=== Begin Enclosure ===

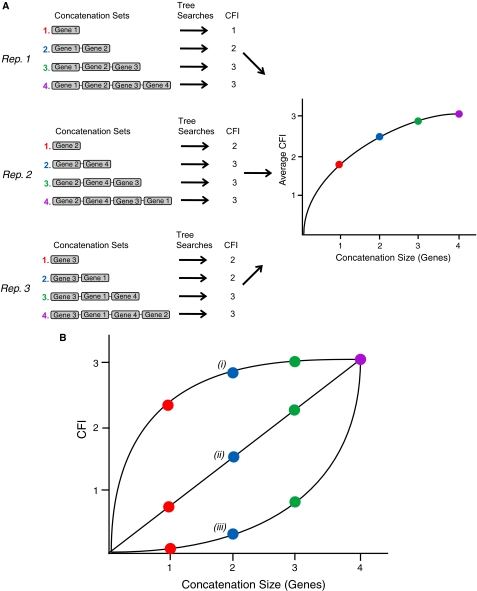 FIG. 1.—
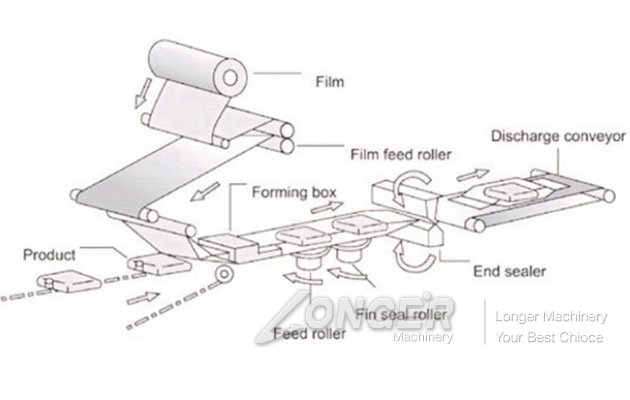 Automatic Fruit Vegetable Packing Machine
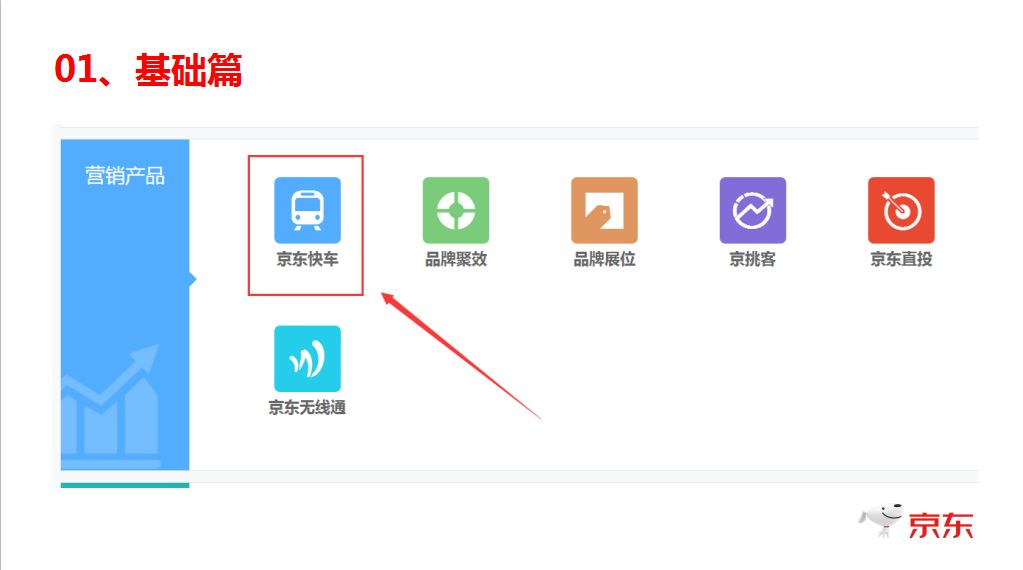 一年运营经验，销售额5万，如何利用快车突破10万销售？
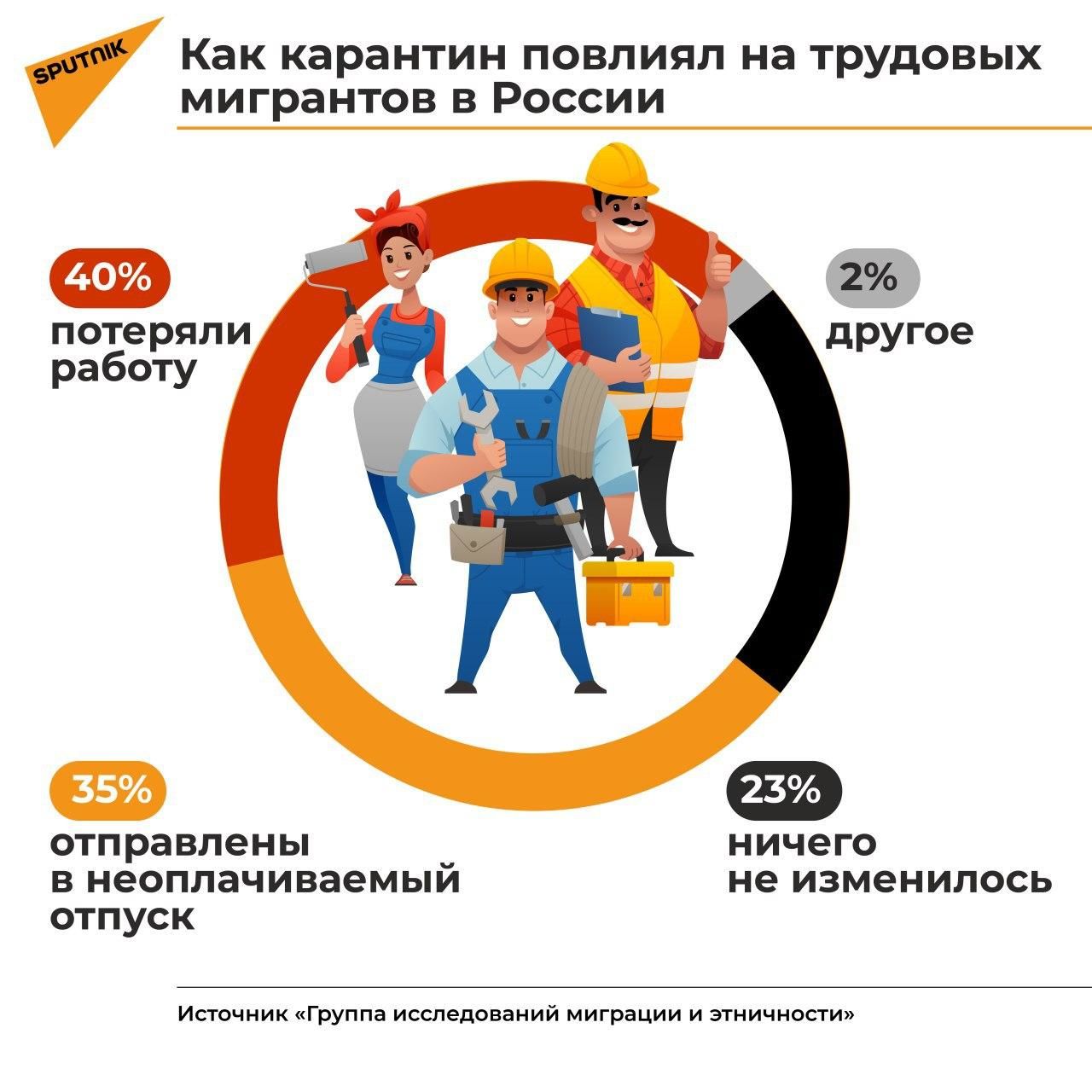 Как карантин повлиял на трудовых мигрантов в России - Sputnik Армения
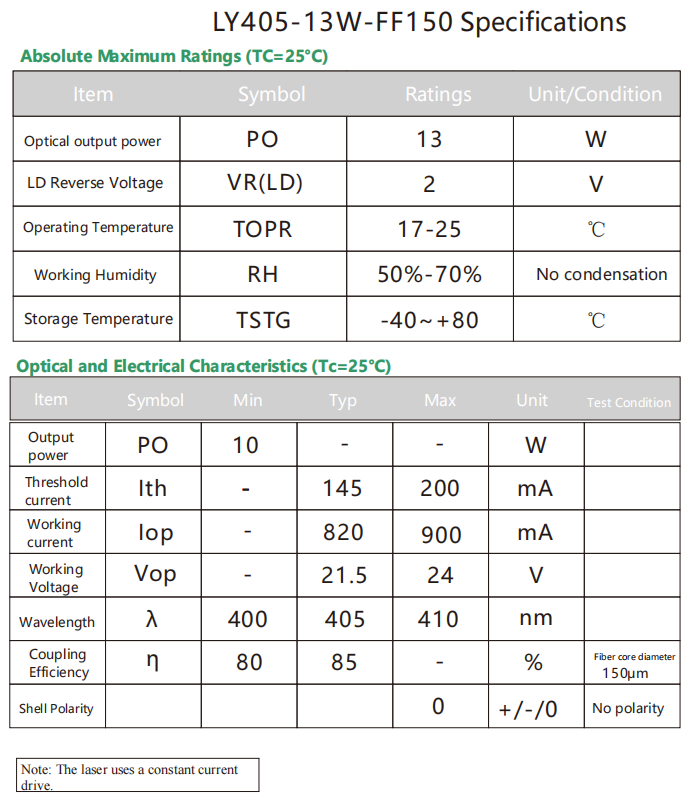 405nm laser for UV Curing 405nm laser for UV Curing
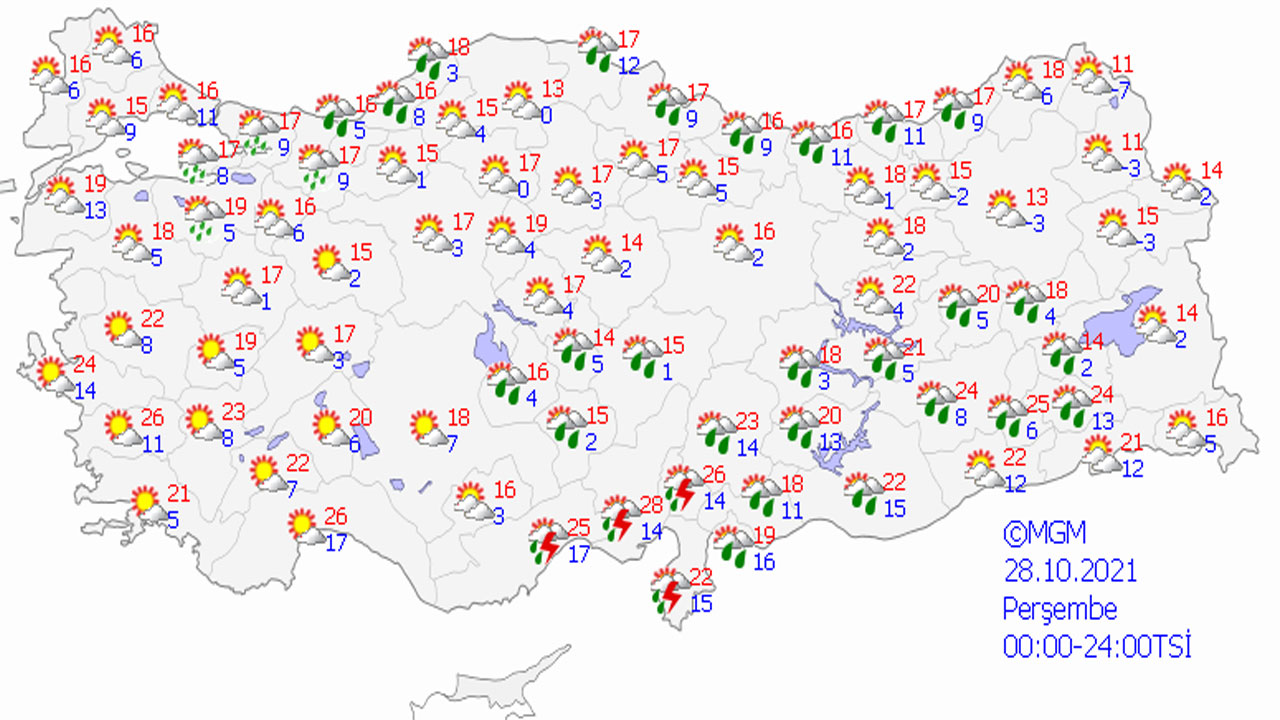 Meteoroloji'den yurt genelinde sağanak uyarısı: Kuvvetli yağışa dikkat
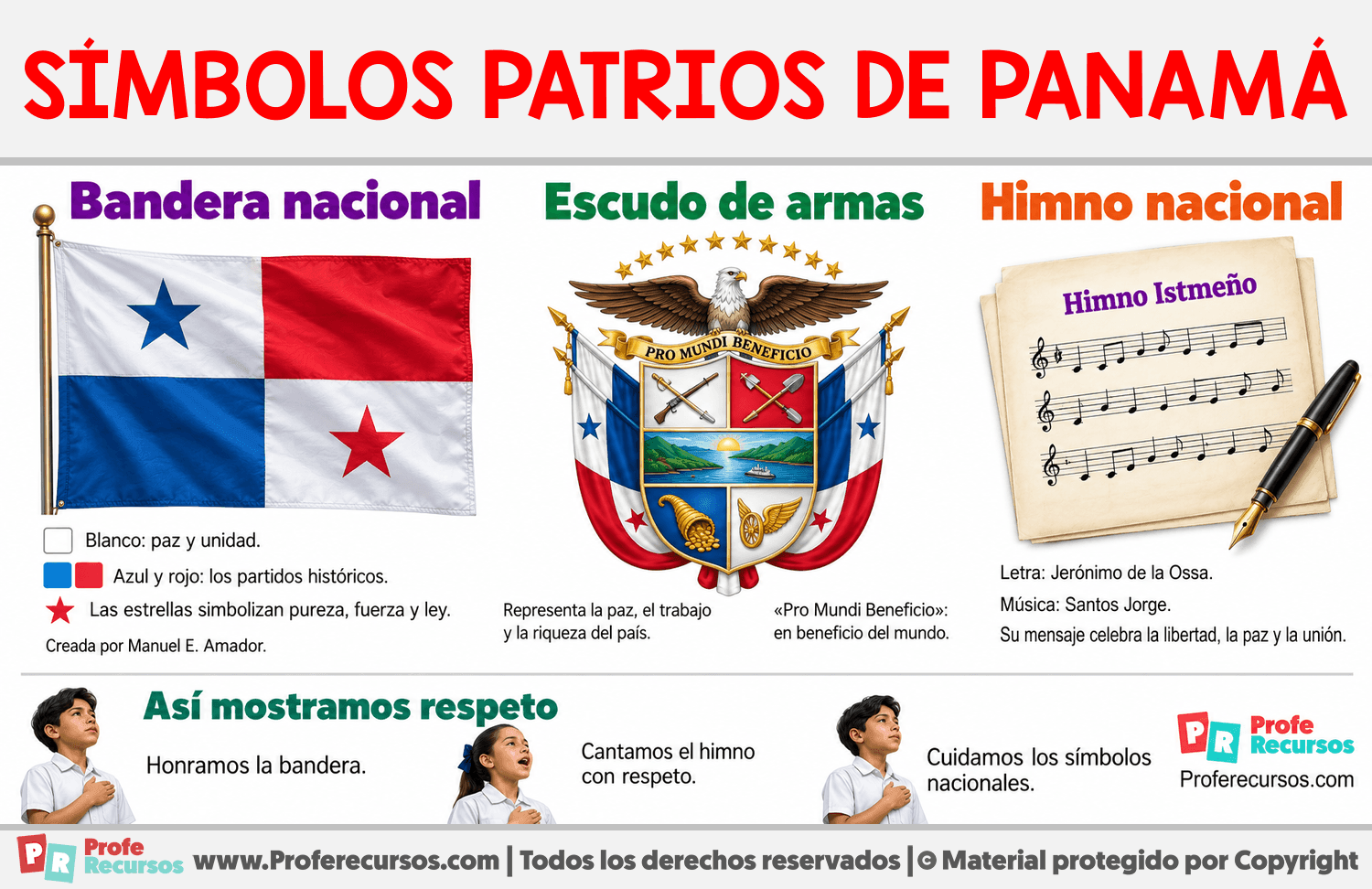 Símbolos patrios de Panamá Infografia sobre Símbolos patrios de Panamá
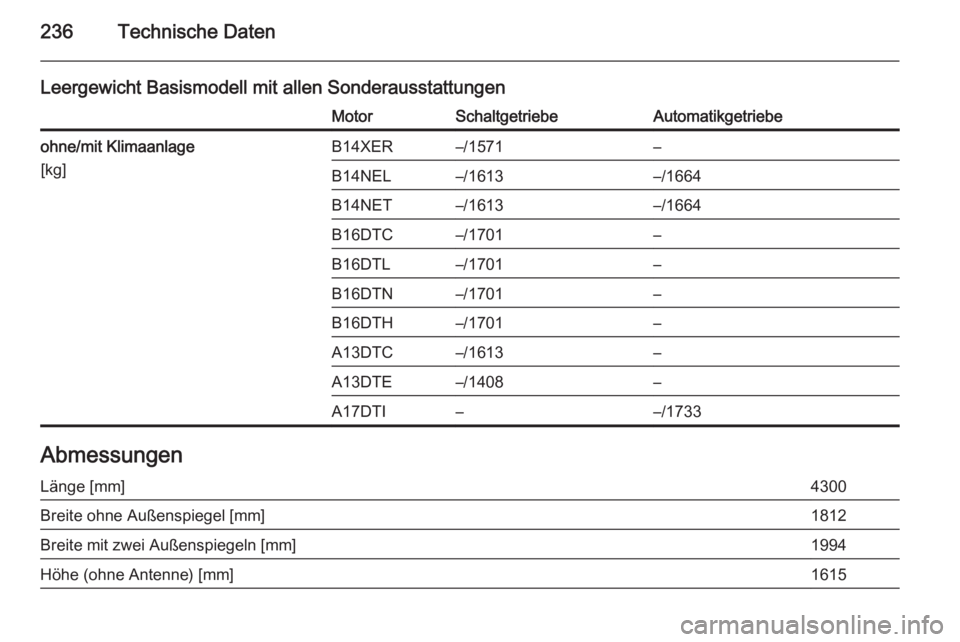 OPEL MERIVA 2014.5  Betriebsanleitung (in German) 236Technische Daten
Leergewicht Basismodell mit allen SonderausstattungenMotorSchaltgetriebeAutomatikgetriebeohne/mit Klimaanlage
[kg]B14XER–/1571–B14NEL–/1613–/1664B14NET–/1613–/1664B16DT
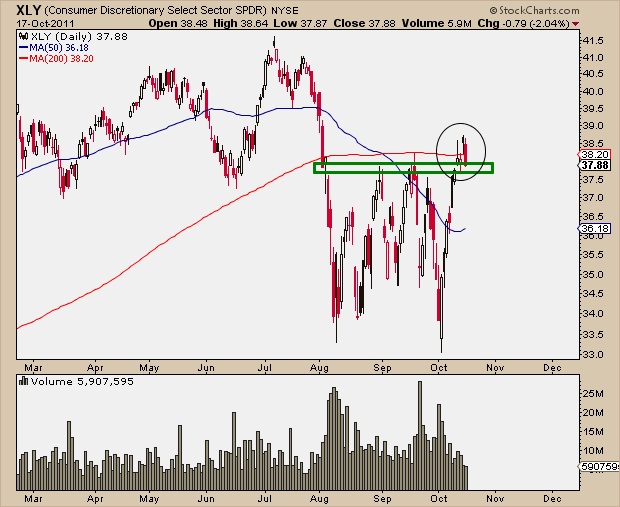 10-17-11 XLY Resistance
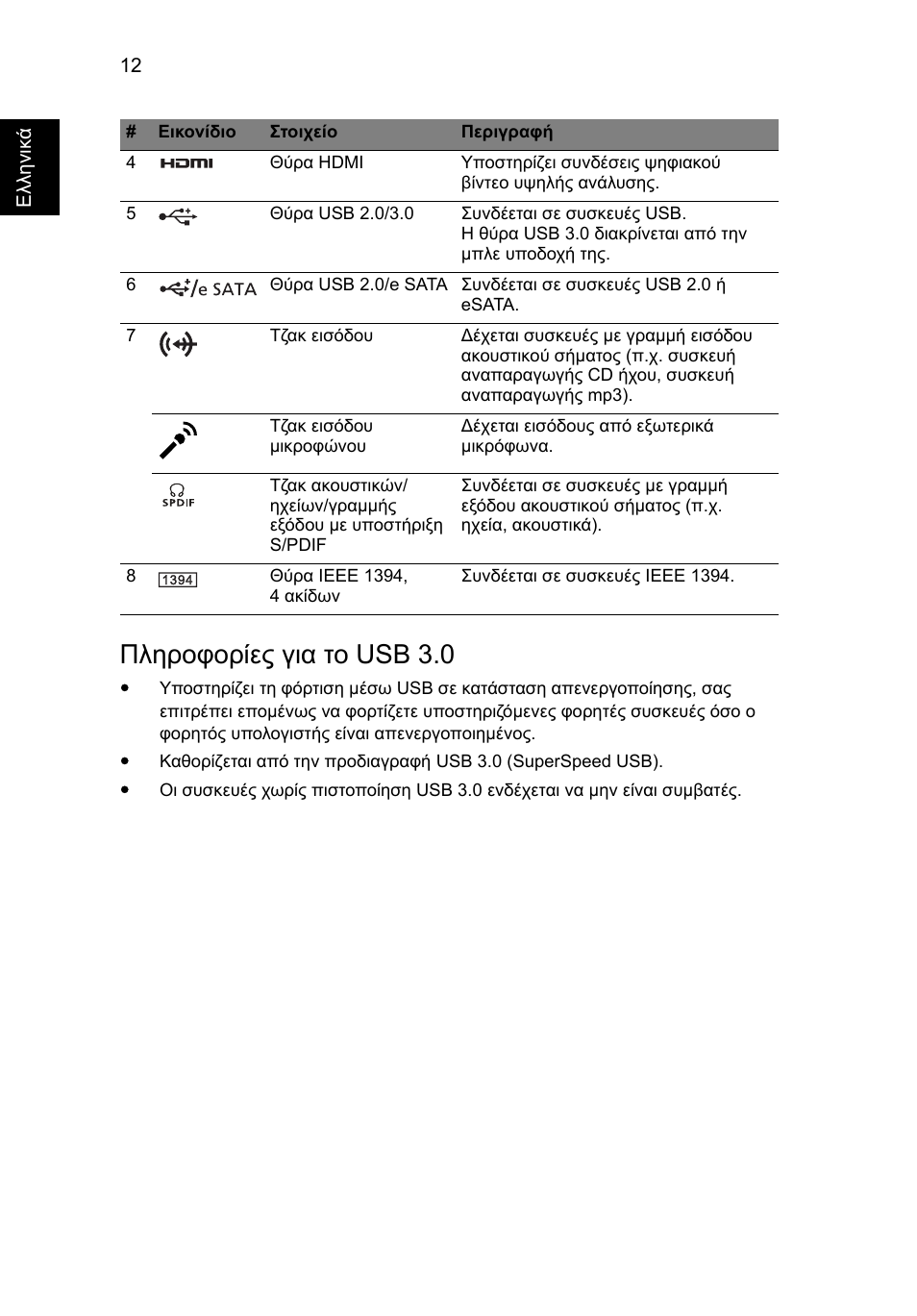 Πληροφορίες για το usb 3.0 | Acer Aspire 8951G User Manual | Page 342 / 440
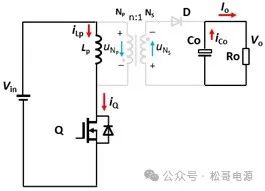 Flyback反激變換器在DCM模式的工作狀態(tài)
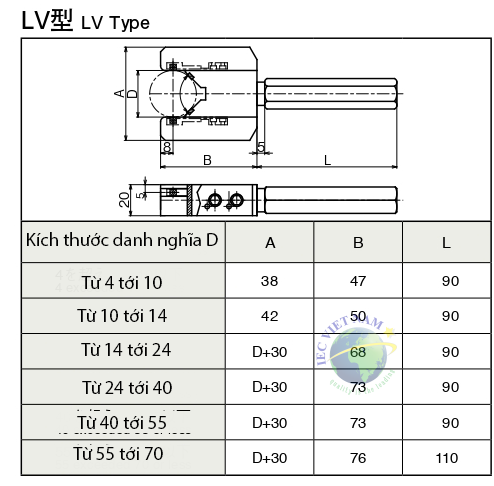 LV-01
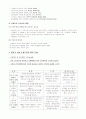 지역사회 방문간호 케이스  5페이지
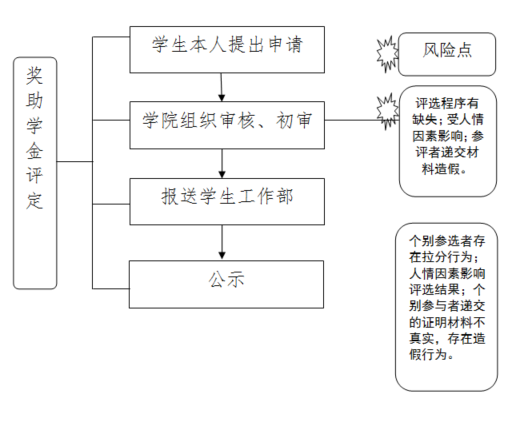 澳门博彩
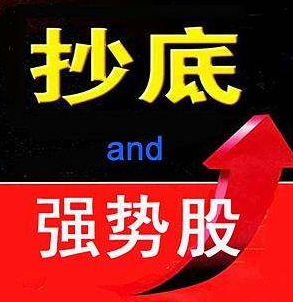 强势股选股公式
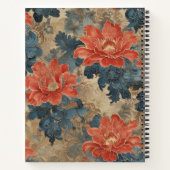 Flores de Coral ノートブック (裏面)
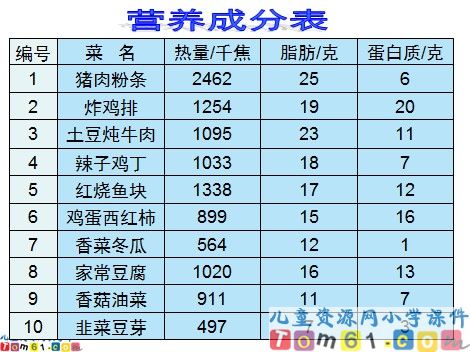 营养午餐课件2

=== End Enclosure ===

**TASK REQUIREMENTS**
Exactly the lines from the one containing "Leergewicht Basismodell mit" to the end of the records above, both end lines included, are to be printed, and no pictures with them.

**COMPLETED EXERCISE**
Leergewicht Basismodell mit allen SonderausstattungenMotorSchaltgetriebeAutomatikgetriebeohne/mit Klimaanlage
[kg]B14XER–/1571–B14NEL–/1613–/1664B14NET–/1613–/1664B16DT
 10-17-11 XLY Resistance
 Πληροφορίες για το usb 3.0 | Acer Aspire 8951G User Manual | Page 342 / 440
 Flyback反激變換器在DCM模式的工作狀態(tài)
 LV-01
 지역사회 방문간호 케이스  5페이지
 澳门博彩
 强势股选股公式
 Flores de Coral ノートブック (裏面)
 营养午餐课件2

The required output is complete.